There is an absolutely bewildering array of dials and switches exposed to the pilots[1].

And they have lots of other aviation stuff at the museum, it's not just Concorde. Other highlights include some very early planes, cut-away jet engines, and a cut-away section of a jumbo jet fuselage, so you can see the locations of pipes, tubes, cargo, etc. in relation to the seats. It is well worth a visit if you're nearby.

[0] https://aerospacebristol.org/

[1] https://i.redd.it/0vqv9qlx98m31.jpg




There is also one at the Museum of Flight in Seattle - https://www.museumofflight.org/exhibits-and-events/aircraft/...

It looks like it would have been a very snug ride!


In period, it was not that snug. This was in an era when you could get a dozen people into town in a 2CV and the majority of adults smoked. People were a lot leaner then, and considerably shorter.

In 1954, in the UK, the average male was 5'7" and 11 stone, 6 lbs, which equates to quite a high BMI of 25 (18.5 - 24.9 is healthy BMI). Nowadays there are very few men in the UK with that weight. Let's ignore women from this because women were second class citizens at the time. Men are on average 2 stone heavier.

But average weight is just average, nowadays with 2/3 of UK adults overweight, there are far more people at the top end of the Bell Curve, at double the average weight people had on the 1950s. So half of today's population would not fit in the seats.

When you look at old European or Japanese cars such as the MINI or old FIATs, bear this in mind. Those cars might not have ever been spacious, but, in period, they were not cramped. Similarly, Concorde was never spacious, but it was not a very snug ride until obesity got the better of us.


I think that there is a reasonable argument that half the population don't fit in today's plane seats. Also, it isn't always weight related. My BMI is low 20s and I'm quite tall. I can't put my legs together, as the seat in front is too close. I hate flying.


A relative who used Concord a few times didn't comment on the space, but instead said it was the noise during flight that meant he preferred British Airways first class on a normal plane, if time wasn't essential.

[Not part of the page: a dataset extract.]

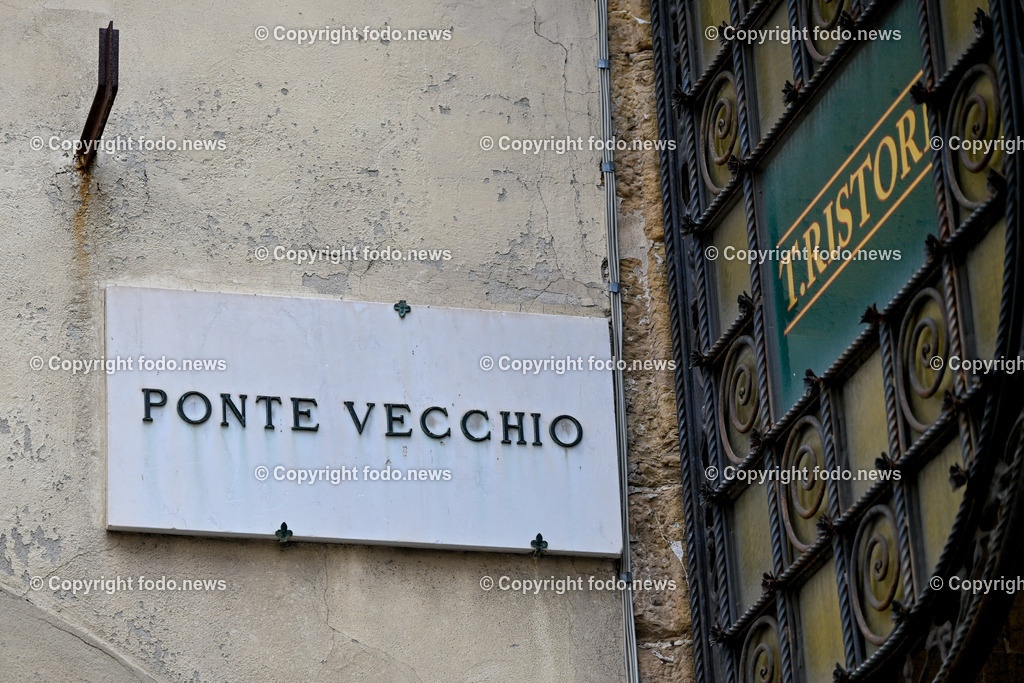 Italien_ Toscana_ Florenz_ 30.05.2024-184 | 30.05.2024, Italien, ITA, Toskana, Florenz im Bild Stadtansichten, Gebäude, Architektur, Touristen, Historisch, Souvenir, Altstadt, Museum, Statuen, Skulpturen, Piazza della Signoria, Statue David, Palazzo Vecchio, Neptunbrunnen, Piazza della Repubblica, Ponte Vecchio, Brücke, Uffizien, Kathedrale Santa Maria del Fiore, Arno, Fluß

Looking at weight is overrated. Unless you're actually massive it usually doesn't matter for space at all.

My BMI is over 25 but yesterday, in a normal train, I could hardly use my large laptop because my arms are long and my shoulders are wide. My ass fit into the seat without any problems. Also surprisingly, legroom was good.


> there are far more people at the top end of the Bell Curve

... Do bell curves actually work that way?


In this case, yes, because people at the extreme lower end often do not survive past childhood.


> In 1954, in the UK, the average male was 5'7" and 11 stone, 6 lbs

Yeah, that's probably down to the post-WW2 rationing rather than any kind of "people were just thinner then".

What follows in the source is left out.